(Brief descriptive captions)
__________

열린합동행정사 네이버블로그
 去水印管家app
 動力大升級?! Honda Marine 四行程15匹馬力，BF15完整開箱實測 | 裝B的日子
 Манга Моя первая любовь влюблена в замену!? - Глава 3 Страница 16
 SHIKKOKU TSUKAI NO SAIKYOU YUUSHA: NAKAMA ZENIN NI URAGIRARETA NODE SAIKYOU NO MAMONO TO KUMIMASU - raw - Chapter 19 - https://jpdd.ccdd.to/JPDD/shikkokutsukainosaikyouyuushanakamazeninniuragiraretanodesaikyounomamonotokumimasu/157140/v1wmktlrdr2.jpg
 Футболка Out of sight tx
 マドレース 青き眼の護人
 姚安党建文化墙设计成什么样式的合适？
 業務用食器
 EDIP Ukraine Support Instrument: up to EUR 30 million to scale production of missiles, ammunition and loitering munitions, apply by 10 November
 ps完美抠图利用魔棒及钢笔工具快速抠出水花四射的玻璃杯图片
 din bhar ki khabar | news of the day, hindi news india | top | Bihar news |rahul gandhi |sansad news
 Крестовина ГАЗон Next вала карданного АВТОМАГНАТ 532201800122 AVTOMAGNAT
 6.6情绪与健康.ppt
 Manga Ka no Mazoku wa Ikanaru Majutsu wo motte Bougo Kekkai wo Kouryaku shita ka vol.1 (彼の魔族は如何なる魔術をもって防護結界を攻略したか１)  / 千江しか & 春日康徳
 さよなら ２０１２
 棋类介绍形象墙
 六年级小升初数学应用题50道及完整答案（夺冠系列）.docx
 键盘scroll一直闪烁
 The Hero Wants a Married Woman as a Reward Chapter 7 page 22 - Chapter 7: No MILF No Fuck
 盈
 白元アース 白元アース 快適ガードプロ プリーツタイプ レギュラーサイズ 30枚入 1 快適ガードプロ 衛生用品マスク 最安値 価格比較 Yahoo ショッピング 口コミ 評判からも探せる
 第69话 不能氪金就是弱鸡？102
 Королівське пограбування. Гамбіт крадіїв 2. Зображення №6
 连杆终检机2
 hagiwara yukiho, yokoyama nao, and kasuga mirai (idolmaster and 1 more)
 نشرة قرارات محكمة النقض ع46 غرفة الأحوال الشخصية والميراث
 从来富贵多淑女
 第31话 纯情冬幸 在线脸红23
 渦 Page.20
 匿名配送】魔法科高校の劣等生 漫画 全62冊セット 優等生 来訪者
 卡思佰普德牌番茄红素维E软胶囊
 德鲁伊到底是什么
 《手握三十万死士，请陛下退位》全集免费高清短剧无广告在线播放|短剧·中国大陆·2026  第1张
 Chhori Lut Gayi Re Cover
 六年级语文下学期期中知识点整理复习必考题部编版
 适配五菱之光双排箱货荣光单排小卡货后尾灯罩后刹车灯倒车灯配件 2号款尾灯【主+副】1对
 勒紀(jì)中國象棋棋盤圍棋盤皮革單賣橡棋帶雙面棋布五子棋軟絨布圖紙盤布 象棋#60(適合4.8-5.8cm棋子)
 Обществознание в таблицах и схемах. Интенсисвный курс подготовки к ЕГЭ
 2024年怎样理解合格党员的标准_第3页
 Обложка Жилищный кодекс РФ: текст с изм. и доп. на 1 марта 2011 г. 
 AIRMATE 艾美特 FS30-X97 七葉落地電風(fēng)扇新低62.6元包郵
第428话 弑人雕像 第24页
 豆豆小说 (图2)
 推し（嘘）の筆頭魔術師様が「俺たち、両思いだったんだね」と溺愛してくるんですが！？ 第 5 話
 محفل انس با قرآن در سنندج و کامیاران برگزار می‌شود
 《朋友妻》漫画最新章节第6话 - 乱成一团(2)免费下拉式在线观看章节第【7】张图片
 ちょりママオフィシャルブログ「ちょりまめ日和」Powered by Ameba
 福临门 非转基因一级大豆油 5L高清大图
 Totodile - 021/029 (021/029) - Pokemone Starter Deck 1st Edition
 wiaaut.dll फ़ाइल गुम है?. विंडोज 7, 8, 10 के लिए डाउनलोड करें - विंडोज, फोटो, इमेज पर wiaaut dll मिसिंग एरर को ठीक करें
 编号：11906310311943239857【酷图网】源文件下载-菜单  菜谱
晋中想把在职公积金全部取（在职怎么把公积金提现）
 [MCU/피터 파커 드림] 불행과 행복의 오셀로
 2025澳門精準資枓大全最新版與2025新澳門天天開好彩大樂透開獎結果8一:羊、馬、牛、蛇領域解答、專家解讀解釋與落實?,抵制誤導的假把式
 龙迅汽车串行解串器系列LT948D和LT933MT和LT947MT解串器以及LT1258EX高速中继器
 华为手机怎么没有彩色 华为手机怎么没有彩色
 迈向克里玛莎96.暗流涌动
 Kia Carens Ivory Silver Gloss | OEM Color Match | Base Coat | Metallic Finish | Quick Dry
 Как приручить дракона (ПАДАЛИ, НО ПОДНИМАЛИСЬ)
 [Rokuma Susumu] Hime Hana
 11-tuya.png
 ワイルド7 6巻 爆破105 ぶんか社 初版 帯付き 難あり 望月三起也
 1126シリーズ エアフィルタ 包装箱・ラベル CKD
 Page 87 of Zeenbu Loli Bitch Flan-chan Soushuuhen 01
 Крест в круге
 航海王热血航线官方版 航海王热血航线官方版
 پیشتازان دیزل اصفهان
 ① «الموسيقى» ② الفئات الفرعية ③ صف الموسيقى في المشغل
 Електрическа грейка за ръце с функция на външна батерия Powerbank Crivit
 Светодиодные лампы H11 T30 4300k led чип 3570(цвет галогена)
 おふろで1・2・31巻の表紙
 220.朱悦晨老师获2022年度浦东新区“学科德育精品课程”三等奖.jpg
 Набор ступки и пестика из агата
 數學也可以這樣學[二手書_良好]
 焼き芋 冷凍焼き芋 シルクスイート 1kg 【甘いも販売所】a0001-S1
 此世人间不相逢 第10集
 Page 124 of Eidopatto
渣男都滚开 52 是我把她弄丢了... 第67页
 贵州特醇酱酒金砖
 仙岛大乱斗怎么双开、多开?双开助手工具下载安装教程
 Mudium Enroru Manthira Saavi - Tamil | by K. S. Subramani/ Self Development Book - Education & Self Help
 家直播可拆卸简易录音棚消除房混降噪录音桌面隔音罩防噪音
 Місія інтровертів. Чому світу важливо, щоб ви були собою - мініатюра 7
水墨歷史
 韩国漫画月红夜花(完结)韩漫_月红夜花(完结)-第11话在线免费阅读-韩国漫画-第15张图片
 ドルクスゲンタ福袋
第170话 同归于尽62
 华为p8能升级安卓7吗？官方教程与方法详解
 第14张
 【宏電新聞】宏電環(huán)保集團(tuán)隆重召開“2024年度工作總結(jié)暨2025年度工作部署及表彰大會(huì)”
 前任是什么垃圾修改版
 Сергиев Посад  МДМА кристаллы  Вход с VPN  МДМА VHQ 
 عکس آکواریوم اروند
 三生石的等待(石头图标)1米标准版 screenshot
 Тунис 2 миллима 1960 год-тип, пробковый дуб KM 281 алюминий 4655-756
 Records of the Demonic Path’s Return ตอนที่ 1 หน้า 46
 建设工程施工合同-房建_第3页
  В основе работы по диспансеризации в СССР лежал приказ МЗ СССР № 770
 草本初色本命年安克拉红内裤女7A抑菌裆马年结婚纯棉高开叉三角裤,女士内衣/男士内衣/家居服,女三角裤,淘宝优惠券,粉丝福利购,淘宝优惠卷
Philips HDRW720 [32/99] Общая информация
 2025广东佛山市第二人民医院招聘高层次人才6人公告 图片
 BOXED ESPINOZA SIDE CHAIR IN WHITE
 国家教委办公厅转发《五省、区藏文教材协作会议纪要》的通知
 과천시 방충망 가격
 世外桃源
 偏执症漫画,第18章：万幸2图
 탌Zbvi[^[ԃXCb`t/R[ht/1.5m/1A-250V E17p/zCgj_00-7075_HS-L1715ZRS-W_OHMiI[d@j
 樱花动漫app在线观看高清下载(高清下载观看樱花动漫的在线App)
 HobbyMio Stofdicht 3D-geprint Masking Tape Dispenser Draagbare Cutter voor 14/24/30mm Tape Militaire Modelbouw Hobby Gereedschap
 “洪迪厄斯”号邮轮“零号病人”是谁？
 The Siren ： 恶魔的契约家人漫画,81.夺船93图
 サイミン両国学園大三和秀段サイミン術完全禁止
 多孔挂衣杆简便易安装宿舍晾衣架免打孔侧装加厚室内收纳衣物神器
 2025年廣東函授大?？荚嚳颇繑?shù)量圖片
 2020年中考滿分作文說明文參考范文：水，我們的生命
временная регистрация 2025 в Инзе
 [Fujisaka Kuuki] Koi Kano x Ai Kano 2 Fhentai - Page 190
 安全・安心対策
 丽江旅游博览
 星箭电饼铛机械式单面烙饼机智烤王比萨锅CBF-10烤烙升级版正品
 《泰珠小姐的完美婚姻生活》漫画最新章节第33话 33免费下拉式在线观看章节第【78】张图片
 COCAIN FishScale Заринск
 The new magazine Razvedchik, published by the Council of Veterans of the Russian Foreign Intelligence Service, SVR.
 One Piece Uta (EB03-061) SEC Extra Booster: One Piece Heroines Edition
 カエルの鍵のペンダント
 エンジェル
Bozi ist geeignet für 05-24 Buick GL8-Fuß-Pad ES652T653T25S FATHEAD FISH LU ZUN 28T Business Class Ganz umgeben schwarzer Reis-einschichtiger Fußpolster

__________

Please output the exact lines of the records above, beginning with the first and stopping after the line that holds "Chhori Lut Gayi Re Cover", and nothing else.

* _Expected answer_
열린합동행정사 네이버블로그
 去水印管家app
 動力大升級?! Honda Marine 四行程15匹馬力，BF15完整開箱實測 | 裝B的日子
 Манга Моя первая любовь влюблена в замену!? - Глава 3 Страница 16
 SHIKKOKU TSUKAI NO SAIKYOU YUUSHA: NAKAMA ZENIN NI URAGIRARETA NODE SAIKYOU NO MAMONO TO KUMIMASU - raw - Chapter 19 - https://jpdd.ccdd.to/JPDD/shikkokutsukainosaikyouyuushanakamazeninniuragiraretanodesaikyounomamonotokumimasu/157140/v1wmktlrdr2.jpg
 Футболка Out of sight tx
 マドレース 青き眼の護人
 姚安党建文化墙设计成什么样式的合适？
 業務用食器
 EDIP Ukraine Support Instrument: up to EUR 30 million to scale production of missiles, ammunition and loitering munitions, apply by 10 November
 ps完美抠图利用魔棒及钢笔工具快速抠出水花四射的玻璃杯图片
 din bhar ki khabar | news of the day, hindi news india | top | Bihar news |rahul gandhi |sansad news
 Крестовина ГАЗон Next вала карданного АВТОМАГНАТ 532201800122 AVTOMAGNAT
 6.6情绪与健康.ppt
 Manga Ka no Mazoku wa Ikanaru Majutsu wo motte Bougo Kekkai wo Kouryaku shita ka vol.1 (彼の魔族は如何なる魔術をもって防護結界を攻略したか１)  / 千江しか & 春日康徳
 さよなら ２０１２
 棋类介绍形象墙
 六年级小升初数学应用题50道及完整答案（夺冠系列）.docx
 键盘scroll一直闪烁
 The Hero Wants a Married Woman as a Reward Chapter 7 page 22 - Chapter 7: No MILF No Fuck
 盈
 白元アース 白元アース 快適ガードプロ プリーツタイプ レギュラーサイズ 30枚入 1 快適ガードプロ 衛生用品マスク 最安値 価格比較 Yahoo ショッピング 口コミ 評判からも探せる
 第69话 不能氪金就是弱鸡？102
 Королівське пограбування. Гамбіт крадіїв 2. Зображення №6
 连杆终检机2
 hagiwara yukiho, yokoyama nao, and kasuga mirai (idolmaster and 1 more)
 نشرة قرارات محكمة النقض ع46 غرفة الأحوال الشخصية والميراث
 从来富贵多淑女
 第31话 纯情冬幸 在线脸红23
 渦 Page.20
 匿名配送】魔法科高校の劣等生 漫画 全62冊セット 優等生 来訪者
 卡思佰普德牌番茄红素维E软胶囊
 德鲁伊到底是什么
 《手握三十万死士，请陛下退位》全集免费高清短剧无广告在线播放|短剧·中国大陆·2026  第1张
 Chhori Lut Gayi Re Cover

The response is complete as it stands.